**Goal of the exercise:**
Print nothing but the lines below starting at the line that holds "2025新爆款天然澳母贝珍珠项链女毛衣链长叠戴澳白925银轻奢礼物" and ending at the line that holds "在晋江写作多久能实现盈利", including both, each exactly as written.

Caption-style text data:
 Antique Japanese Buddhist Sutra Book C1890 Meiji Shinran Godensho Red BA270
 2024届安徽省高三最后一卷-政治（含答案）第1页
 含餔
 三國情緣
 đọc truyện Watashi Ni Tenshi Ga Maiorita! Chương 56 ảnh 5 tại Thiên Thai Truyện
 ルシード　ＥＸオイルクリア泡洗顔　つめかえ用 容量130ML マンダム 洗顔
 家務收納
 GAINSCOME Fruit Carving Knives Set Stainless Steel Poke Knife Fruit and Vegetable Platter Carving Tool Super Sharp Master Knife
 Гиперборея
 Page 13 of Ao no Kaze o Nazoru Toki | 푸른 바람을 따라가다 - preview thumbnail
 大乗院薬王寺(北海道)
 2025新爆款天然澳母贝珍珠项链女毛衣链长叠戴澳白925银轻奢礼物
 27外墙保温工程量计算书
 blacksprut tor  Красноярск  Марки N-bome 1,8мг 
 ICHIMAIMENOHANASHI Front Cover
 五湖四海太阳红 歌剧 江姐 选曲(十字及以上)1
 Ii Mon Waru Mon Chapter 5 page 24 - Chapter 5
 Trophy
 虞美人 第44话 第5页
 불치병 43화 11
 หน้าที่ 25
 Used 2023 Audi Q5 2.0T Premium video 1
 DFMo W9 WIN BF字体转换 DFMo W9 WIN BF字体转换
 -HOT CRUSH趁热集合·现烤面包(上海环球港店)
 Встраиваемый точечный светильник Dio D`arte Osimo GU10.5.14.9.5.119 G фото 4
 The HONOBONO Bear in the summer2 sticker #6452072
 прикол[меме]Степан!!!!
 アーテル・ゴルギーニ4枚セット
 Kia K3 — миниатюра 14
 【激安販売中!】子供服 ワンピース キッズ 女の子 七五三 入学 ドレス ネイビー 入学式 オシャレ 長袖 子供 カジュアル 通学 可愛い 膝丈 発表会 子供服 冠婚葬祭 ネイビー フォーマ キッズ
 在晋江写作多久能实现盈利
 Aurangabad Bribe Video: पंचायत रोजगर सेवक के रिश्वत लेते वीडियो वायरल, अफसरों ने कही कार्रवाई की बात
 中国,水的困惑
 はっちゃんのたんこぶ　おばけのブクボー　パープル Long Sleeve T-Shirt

**Answer box:**
 2025新爆款天然澳母贝珍珠项链女毛衣链长叠戴澳白925银轻奢礼物
 27外墙保温工程量计算书
 blacksprut tor  Красноярск  Марки N-bome 1,8мг 
 ICHIMAIMENOHANASHI Front Cover
 五湖四海太阳红 歌剧 江姐 选曲(十字及以上)1
 Ii Mon Waru Mon Chapter 5 page 24 - Chapter 5
 Trophy
 虞美人 第44话 第5页
 불치병 43화 11
 หน้าที่ 25
 Used 2023 Audi Q5 2.0T Premium video 1
 DFMo W9 WIN BF字体转换 DFMo W9 WIN BF字体转换
 -HOT CRUSH趁热集合·现烤面包(上海环球港店)
 Встраиваемый точечный светильник Dio D`arte Osimo GU10.5.14.9.5.119 G фото 4
 The HONOBONO Bear in the summer2 sticker #6452072
 прикол[меме]Степан!!!!
 アーテル・ゴルギーニ4枚セット
 Kia K3 — миниатюра 14
 【激安販売中!】子供服 ワンピース キッズ 女の子 七五三 入学 ドレス ネイビー 入学式 オシャレ 長袖 子供 カジュアル 通学 可愛い 膝丈 発表会 子供服 冠婚葬祭 ネイビー フォーマ キッズ
 在晋江写作多久能实现盈利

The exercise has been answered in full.